2. Corn profits stay in America. I'm glad some of this money is going it our tax system/farmers pockets instead of countires that don't like us.
I usually find myself agreeing with stevencrosbie but not in this case. Ethanol for fuel is being subsidized massively by the federal government. Just look at any of the coverage of the Iowa caucuses and you'll see that virtually any candidate of note went out of his/her way to praise government subsidies for corn based ethanol.
The highest and best use of corn based ethanol is as bourbon.
As a fuel, it takes more energy to produce the ethanol from corn than we get from the ethanol. The article is old and the prices low by today's standards, but this guy had it right way back in 2001.
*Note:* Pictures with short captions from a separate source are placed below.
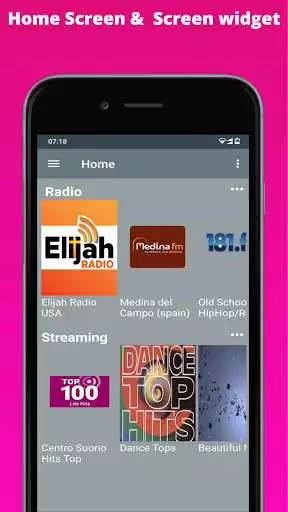 Play Music Player - Free Music App  and enjoy Music Player - Free Music App with UptoPlay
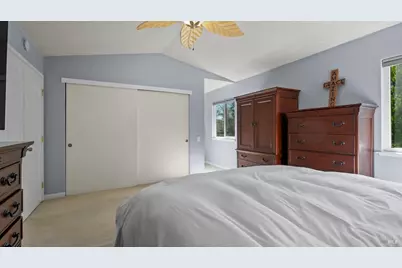 202 Songbird Court, Vacaville, CA 95687 - Photo 27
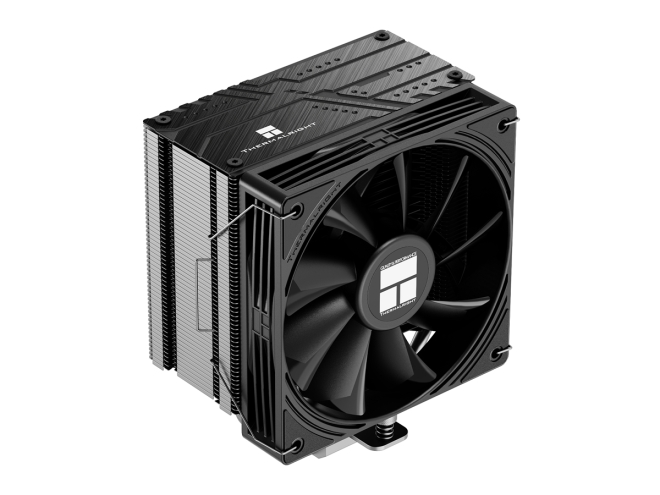 Thermalright AssassinClassic5SE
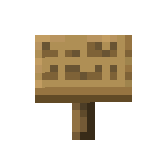 Oak Sign Icon 2.png
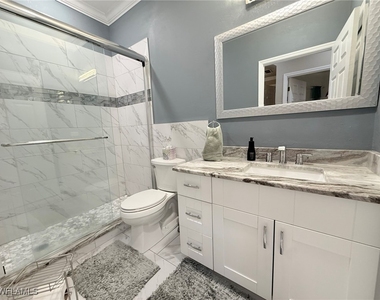28119 Tamberine Court - Photo Thumbnail 35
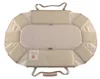 Membantu 25040116, Chłopak, dziewczyna, 9 kg, Beżowy Podgląd zdjęcia produktu 5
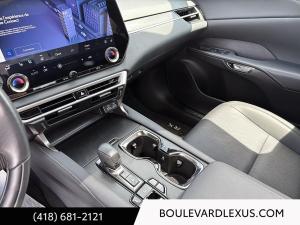 Miniature 16 Lexus RX Rx 350 2024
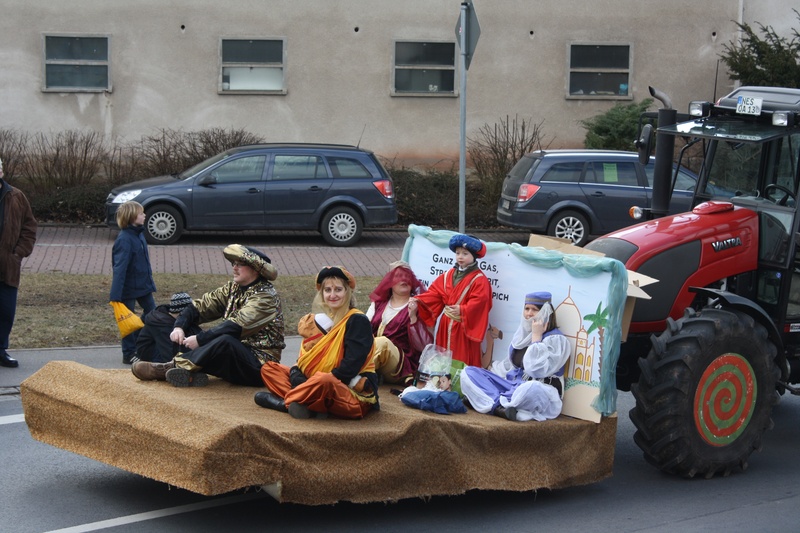 kinderfasching_53.jpg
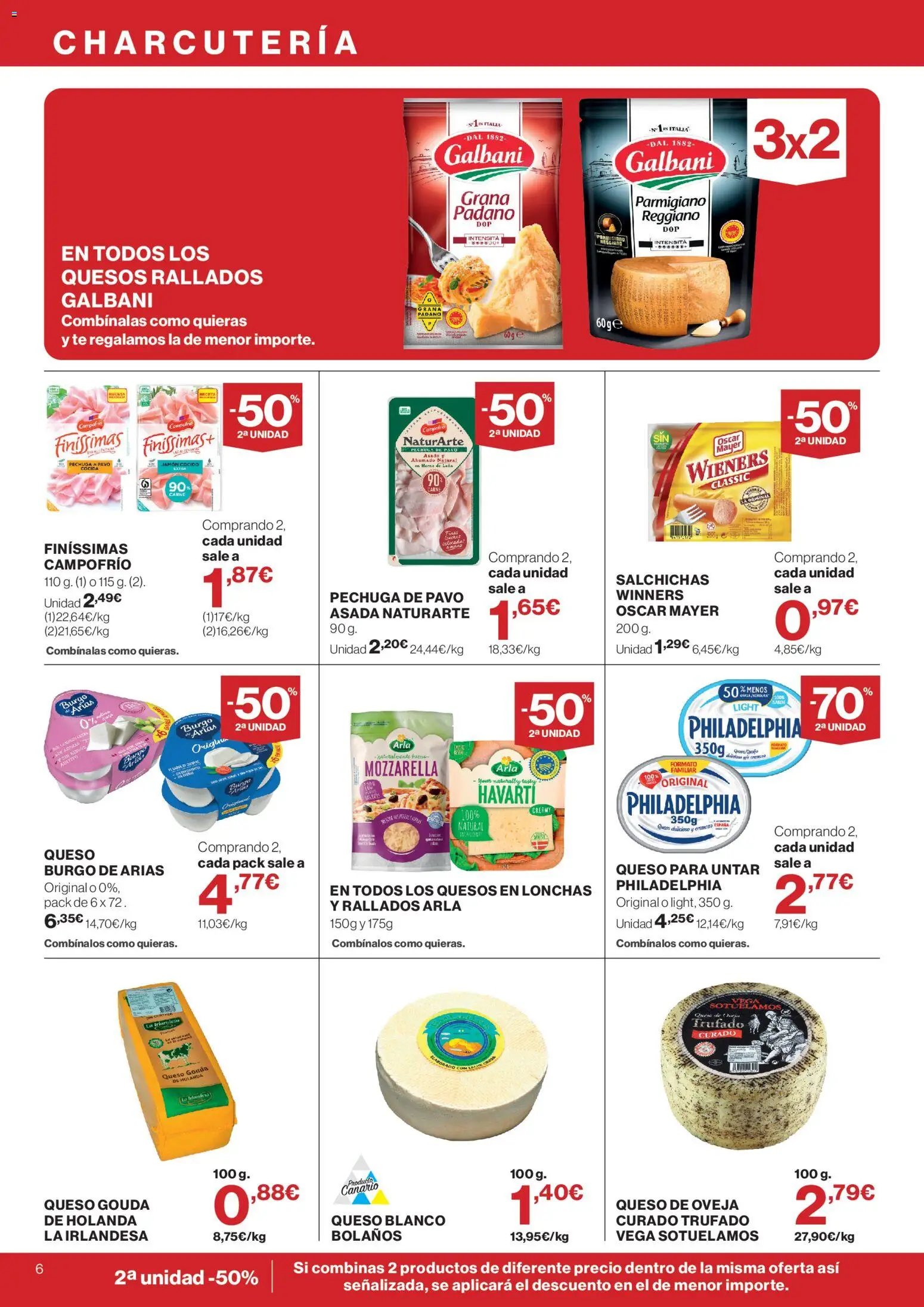 Supercor Canarias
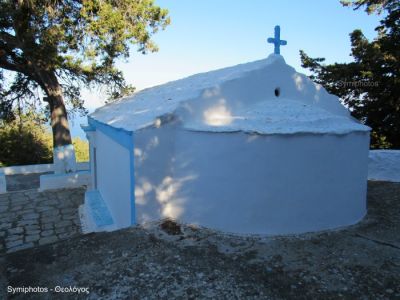 Κάντε κλικ για να δείτε την εικόνα σε πλήρες μέγεθος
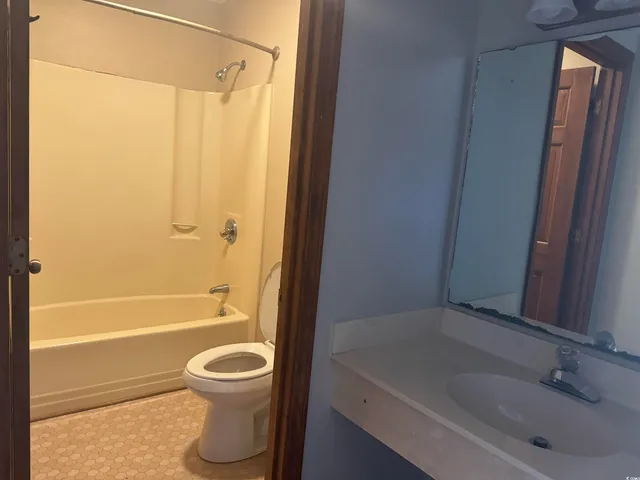 $109,900 | 213 Double Eagle Drive, Unit E3, Surfside Beach, SC 29575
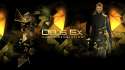 Deus-Ex-Human-Revolution.png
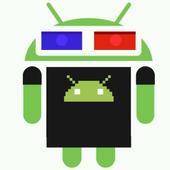 Tube Channels 👀(YouTube) icon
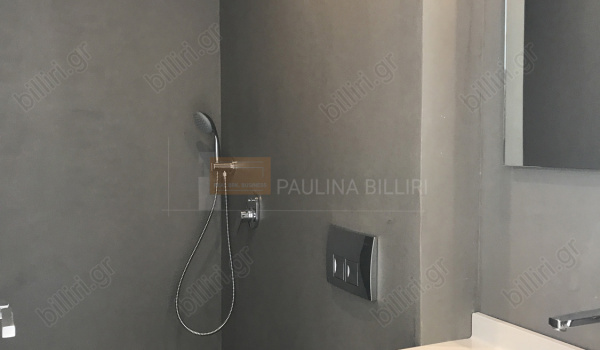 Μπάνιο - Bathroom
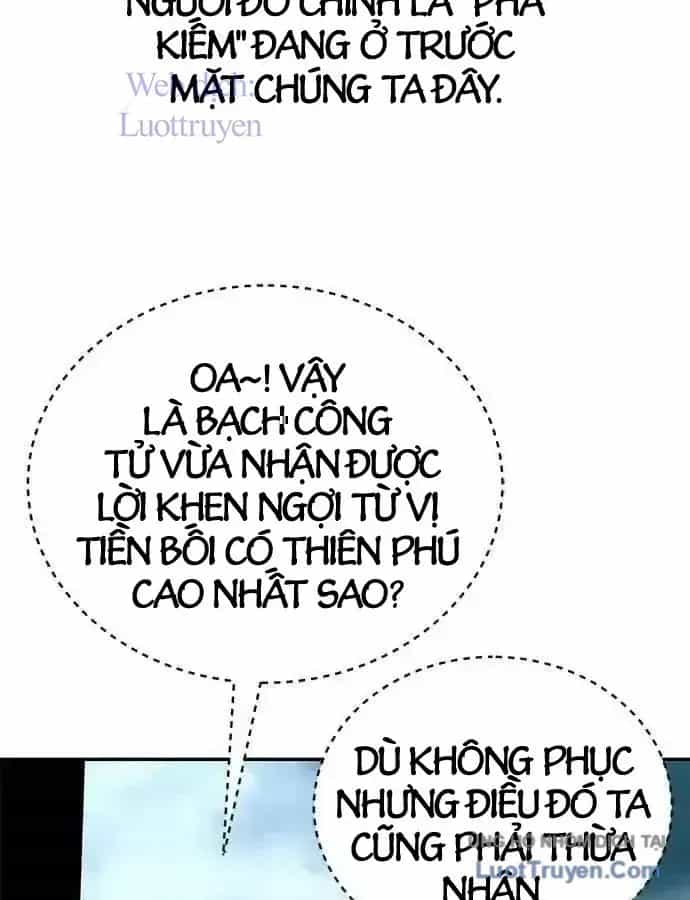 Thiên Tài Tuyệt Đỉnh Hoa Sơn - Chương 56 - ảnh 96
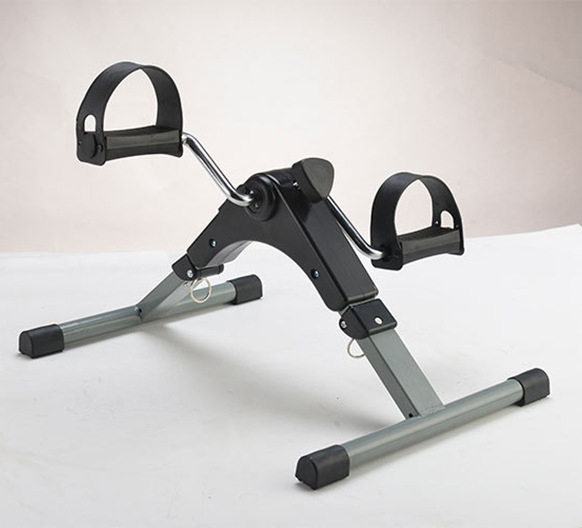 จักรยานกายภาพแขนขา Pedal Exercise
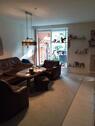 Foto - Etagenwohnung zur Miete in Hamburg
http://www.news.cornell.edu/releases/aug01/corn-basedethanol.hrs.html
And the massive amounts of water are required not just to grow the corn, but also for the fermentation and isolation of the ethanol.
And as far as dollars staying in America, consider that the US corporate tax structure, which I think is the second highest in the industrialized world, drives far more dollars offshore, never to return, than the redistribution of MY tax dollars to a bunch of farmers. I'm all for American agriculture - my dad grew up on a family farm - but gasohol from corn is not a winner and never will be without the dual props of obscene subsidies and tariffs on far more cost effective Brazilian ethanol derived from cane sugar,
It all comes down to three generalized rules of economics:
If you tax something, you get less of it.
If you subsidize something, you get more of it.
If you want to allocate resources optimally (from an economic efficiency POV), let the markets work.